Fulcrum Strategy is a ‘Community Effort’ to Boost DOD Cyber Foundation
The strategy provides four new lines of effort for how the Defense Department will lead cybersecurity efforts.
The Defense Department is leveraging a new “community effort” to improve its cybersecurity posture across the entire enterprise. On Tuesday, the Pentagon unveiled Fulcrum: DoD Information Technology (IT) Advancement Strategy as the agency’s plan to improve its communications, command and control while preparing the military for the future.
Fulcrum’s four lines of effort are designed to prioritize “user experience and investment in infrastructure that is both agile and scalable to meet the dynamic requirements of operations and opportunities offered by the most modern technologies,” according to an agency statement.
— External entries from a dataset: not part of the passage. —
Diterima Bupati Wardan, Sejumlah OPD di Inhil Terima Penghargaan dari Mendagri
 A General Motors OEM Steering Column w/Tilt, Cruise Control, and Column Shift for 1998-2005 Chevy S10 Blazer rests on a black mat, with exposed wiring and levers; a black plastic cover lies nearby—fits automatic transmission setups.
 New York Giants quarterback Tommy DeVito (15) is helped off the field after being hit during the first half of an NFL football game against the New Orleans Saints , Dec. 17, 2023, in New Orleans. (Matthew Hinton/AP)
The strategy consists of four lines of effort (LOE): Provide Joint Warfighting IT Capabilities; Modernize Information Networks and Compute; Optimize IT Governance; and Cultivate a Premier Digital Workforce.
“It is called ‘Fulcrum’ because it sits at the nexus between our national security strategy, our strategic management plans, our really big thinking strategies, our workforce implementation strategies, our software modernization strategies, our cybersecurity strategies, and it gives you tangible steps to take to turn that strategic vision into an operational reality,” DOD Deputy CIO Leslie Beavers said during the AFCEA TechNet Cyber conference in Baltimore on Tuesday.
Beavers said that Fulcrum will come with an implementation plan at a later date. The first LOE centers around delivering “user-centric IT capabilities that are functional, scalable, sustainable and secure in today’s dynamic and contested global environments” that will improve the warfighter’s information-gathering and decision-making ability.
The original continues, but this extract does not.